→ SUPPLIED DATA:
# # # # # # #
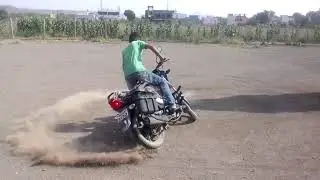 Sagar Gaikwad TVs star city stunts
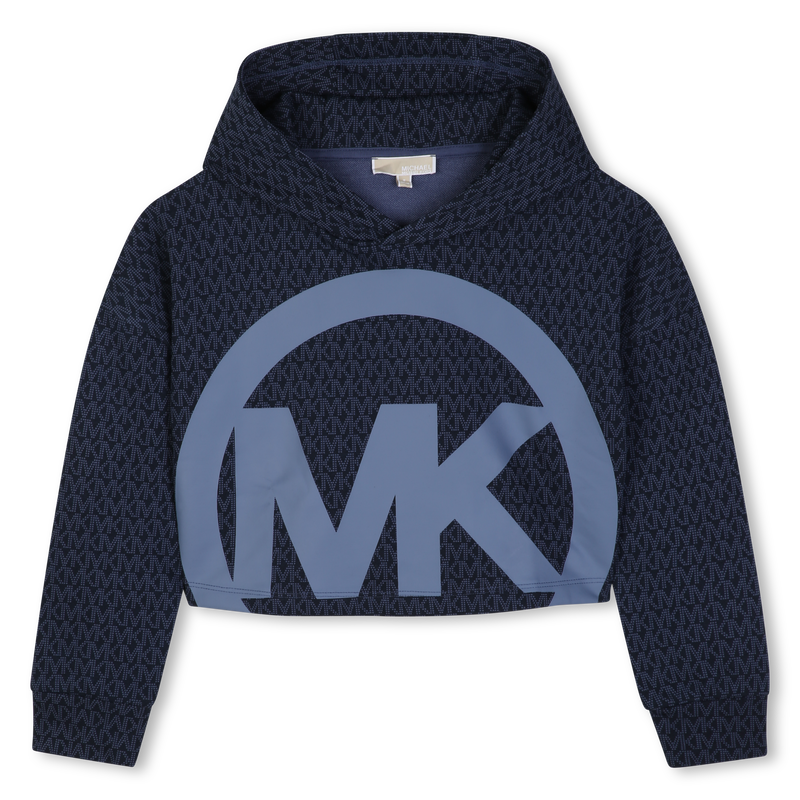 Sweat &agrave; capuche MICHAEL KORS 
                        FILLE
# # # # # # #
→ TASK INSTRUCTIONS: Type out the data above again exactly as written, minus the images.

→ EXPECTED OUTPUT:
 Sagar Gaikwad TVs star city stunts
 Sweat &agrave; capuche MICHAEL KORS 
                        FILLE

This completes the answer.